In the previous article in this series, we explored the concept of central tendency. The central tedency allows us to grasp the "middle" of the data, but it doesn't tell us anything about the variability of the data. Specifically, how the data is spread out, or the dispersion.
For example, the mean/median/mode of [20, 30, 40, 40, 40, 50, 60] is 40, but the mean/median/mode of [38, 39, 40, 40, 40, 41, 42] is also 40.
The study of dispersion is very important in statistical data. Let's say we are pursuing a job in data science after seeing all the hype arround the field. We are interested in the big money. Well, we can check glassdoor, and find out that the average base pay is ~$120,000. But is that really the pay someone should expect as a junior data scientist? Probably not. The central tendency of the data doesn't tell us the whole story. This is why it is important to also study the dispersion in data.

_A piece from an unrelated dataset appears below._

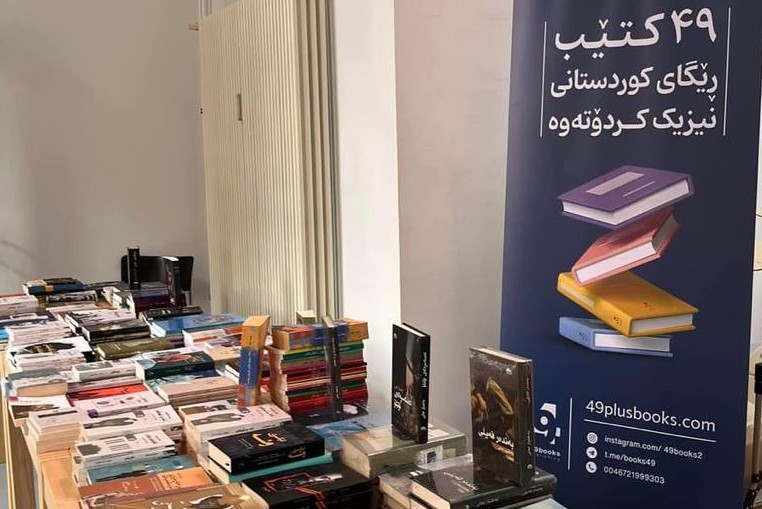 داواکاری ناوەندی ٤٩ کتێب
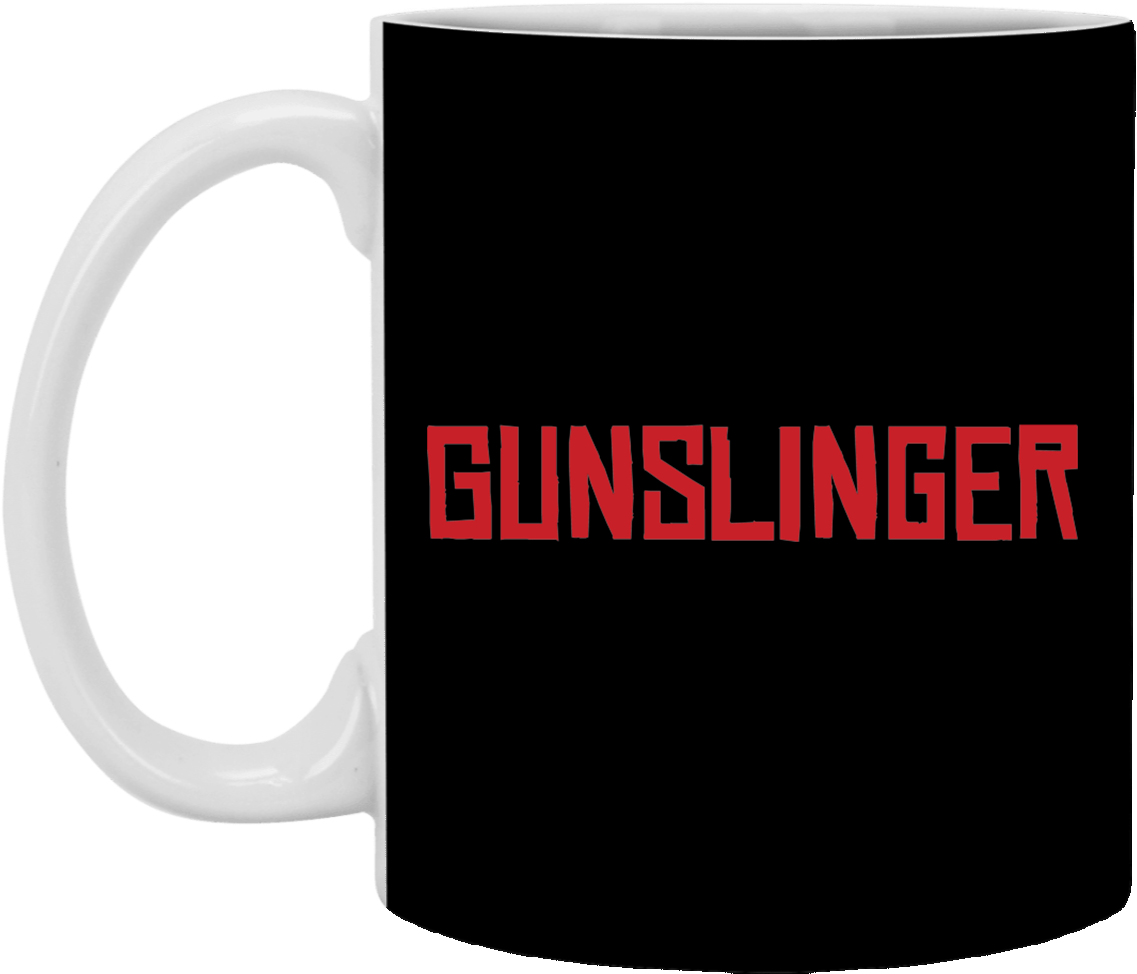 Video Game 11 Oz - Sokół I Marysia Starosta Czysta Clipart (1155x1155), Png Download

In this exercise, we are going to use the bike sharing dataset from UCI machine learning repository again. For a full description of the dataset, click here.
import pandas as pd
import matplotlib.pyplot as plt
import numpy as np
import seaborn as sns
%matplotlib inline
data = pd.read_csv('bike_rental_hour.csv')
Measuring Dispersion¶
There are two categories of dispersion measures, and within these two categories there are eight measures I want to talk about.
1) Absolute Measures of Dispersion
- Range
- Quartile Deviation
- Mean/Median Absolute Deviation (MAD)
- Variance and Standard Deviation
2) Relative Measures of Dispersion
- Coefficient of Range
- Coefficient of Quartile Deviation
- Coefficient of Mean/Median Deviation
- Coefficient of Standard Deviation and Variation
I won't go into details with the differences between the two categories. But, I will go in details with each measure. For more details click here.
In summary, the absolute measures of dispersion give answers in the same units as the original observations. The relative measures of dispersion are ratios and do not give answers in the same units as the original observations.
The Range¶
Definition:
$$ \text{Range} = x_{max} - x_{min} $$
Where $x_{max}$ is the maximum value in a given set of observations and $x_{min}$ is the minimum value in a given set of observations. The range only tells us about the total spread of data by taking the difference between the minimum and maximum value. The practical uses for the range are very limited in statistics. This measure does have some practical uses in the real world. For example, clothes are often seperated into various size categories. These categories have to fit a certain range of body measurements.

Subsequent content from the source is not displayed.